In any case, we found it important to explain how we understand and experience care. As our families continue to be extended, we organize to care for children, the elderly and the sick, as well as family members who need intensive care. That is why we do not use childcare facilities or nursing homes, except to care for family members with special needs such as Alzheimer’s.

As for the elderly, respect for them is one of the preferred values in the Roma culture, and over the years the social recognition of our Uncles and Izekoak (as we call them) increases. That is why we are surprised to see that many older people are alone or unprotected. In our families, we women take care of mothers and amamas and men take care of male relatives, a responsibility they take with pride.

For all these reasons, while we join in calling for quality and free public services, we have other kinds of demands. In the case of older women, the State denies the widower's pension because it does not recognize the civil value of the Roma marriage. Moreover, almost all Roma women over the age of 65 receive a non-contributory pension because they have not had access to the labour market or because they have worked in an informal economy. In the area of childcare we demand universal birth permits (currently unpaid parents do not pay) and at least one year. Although we work on the co-responsibility of men, we are in favour of financially supporting women who choose to live maternity intensively.
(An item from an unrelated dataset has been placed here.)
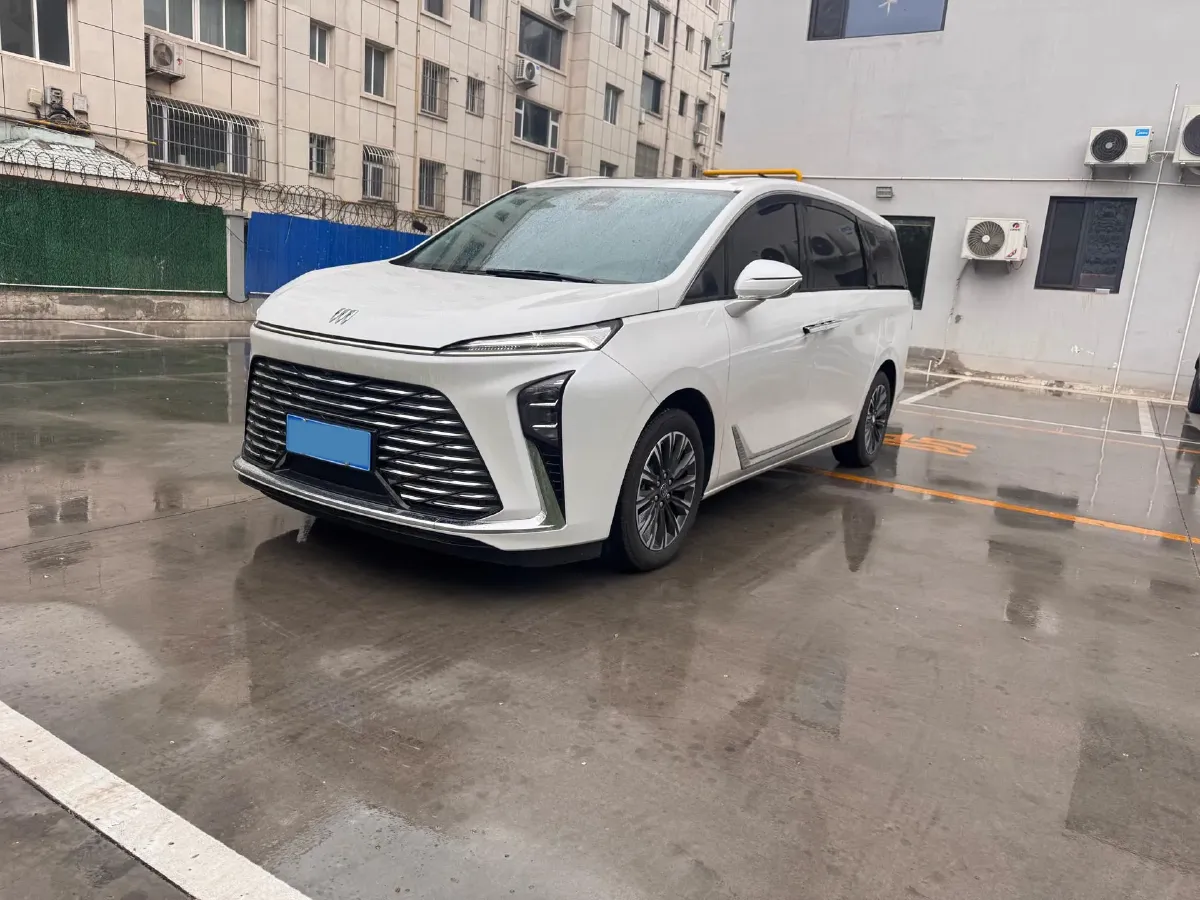 2025 Buick GL8 2.0T 237HP L4 9AT,autocango,china used car exporter,china ev exporter,chinese used car exporter,chinese used ev exporter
In short, we see the need for quality and free professional services and figures that respect cultural diversity, as well as to take into account the diversity of needs of families living in the Basque Country. But, as anticapitalists, we believe that the axis of the public surveillance system represented by feminism should not be the externalization of care, but the strengthening of community alternatives. Perhaps, in order to carry out this second and materialise the eco-feminist motto “life in the centre”, we must learn from the values and vision of the world of the Roma people.